Panel Data¶
In this tutorial, we will forecast multiple related time series simultaneously using panel data. Many real forecasting tasks involve groups of related series: regional sales, sensor networks, tourism by destination. Yohou represents these as a single DataFrame where column names encode the group with a __ separator (e.g. T187__tourists, T188__tourists). We will load a multi-series tourism dataset, inspect its panel structure, fit independent models per group with LocalPanelForecaster, evaluate with aggregate and per-group metrics, and visualize the results.
Try it interactively
Forecast multiple related time series simultaneously using the __ naming convention, LocalPanelForecaster, and per-group scoring.
ViewOpen in marimoPrerequisites¶
- Completed Getting Started
Load a Panel Dataset¶
The fetch_tourism_monthly function loads monthly tourism series from the Monash forecasting archive. The full dataset contains 366 series of varying length; we select three long series and drop any rows with missing values:
from yohou.datasets import fetch_tourism_monthly
bunch = fetch_tourism_monthly()
y = bunch.frame.select(
["time", "T187__tourists", "T188__tourists", "T189__tourists"]
).drop_nulls()
print(f"{len(y)} rows, {len(y.columns)} columns")
print(y.columns)
Notice the column names use the {group}__{variable} convention. The text before __ identifies the panel group (a tourism region); the text after __ is the variable name. Every group shares the same variable suffix (tourists).
shape: (5, 4)
┌─────────────────────┬────────────────┬────────────────┬────────────────┐
│ time ┆ T187__tourists ┆ T188__tourists ┆ T189__tourists │
│ --- ┆ --- ┆ --- ┆ --- │
│ datetime[μs] ┆ f64 ┆ f64 ┆ f64 │
╞═════════════════════╪════════════════╪════════════════╪════════════════╡
│ 1980-01-01 00:00:00 ┆ 13328.0 ┆ 4696.0 ┆ 1556.0 │
│ 1980-02-01 00:00:00 ┆ 11352.0 ┆ 4284.0 ┆ 2424.0 │
│ 1980-03-01 00:00:00 ┆ 12048.0 ┆ 3600.0 ┆ 2324.0 │
│ 1980-04-01 00:00:00 ┆ 8876.0 ┆ 3517.0 ┆ 2164.0 │
│ 1980-05-01 00:00:00 ┆ 7708.0 ┆ 3700.0 ┆ 2256.0 │
└─────────────────────┴────────────────┴────────────────┴────────────────┘
Inspect the Panel Structure¶
The inspect_panel utility separates global columns (without __) from panel groups:
from yohou.utils.panel import inspect_panel
global_names, panel_groups = inspect_panel(y)

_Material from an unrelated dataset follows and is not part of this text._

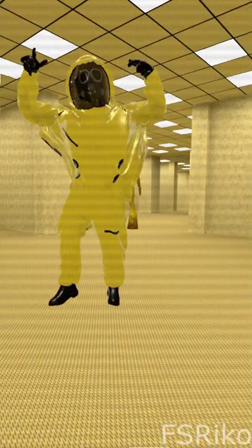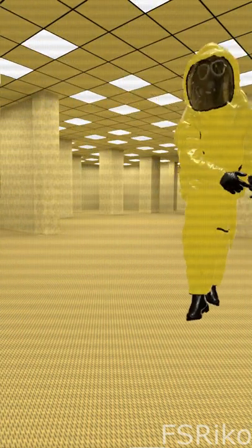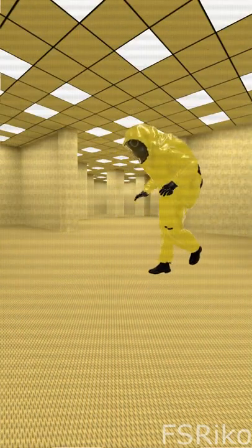Check this sh** out. Hey, not so shabby, huh? Yeah buddy, that's how we do it.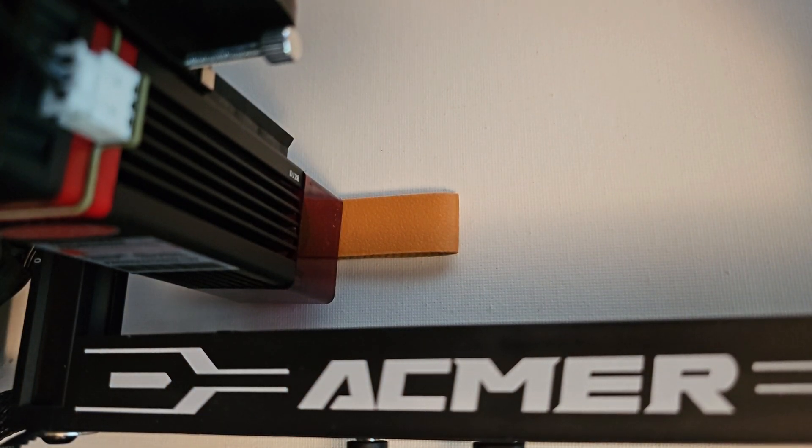I'm about to do my first laser engraving using my new Acmer S1 laser engraver. I did receive this as a gift, but I'm just doing my first test here and recording it so everyone can see exactly how it goes. So let's get started with this.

print(f"Global columns: {global_names}")
print(f"Panel groups: {panel_groups}")
Global columns: []
Panel groups: {'T187': ['T187__tourists'], 'T188': ['T188__tourists'], 'T189': ['T189__tourists']}
Each key is a group name, and the value lists the full column names for that group. Since this dataset contains only panel columns (no shared features across groups), global_names is empty.
Explore the Data¶
plot_time_series automatically detects panel columns and creates faceted subplots:
Each region shows a clear annual seasonal pattern, but at different scales. T187 has the highest visitor counts, T189 the lowest. This is typical of panel data: shared patterns with group-level differences.
Train/Test Split¶
Split the data, keeping the last 12 months for testing:
from yohou.model_selection import train_test_split
forecasting_horizon = 12
y_train, y_test = train_test_split(y, test_size=forecasting_horizon)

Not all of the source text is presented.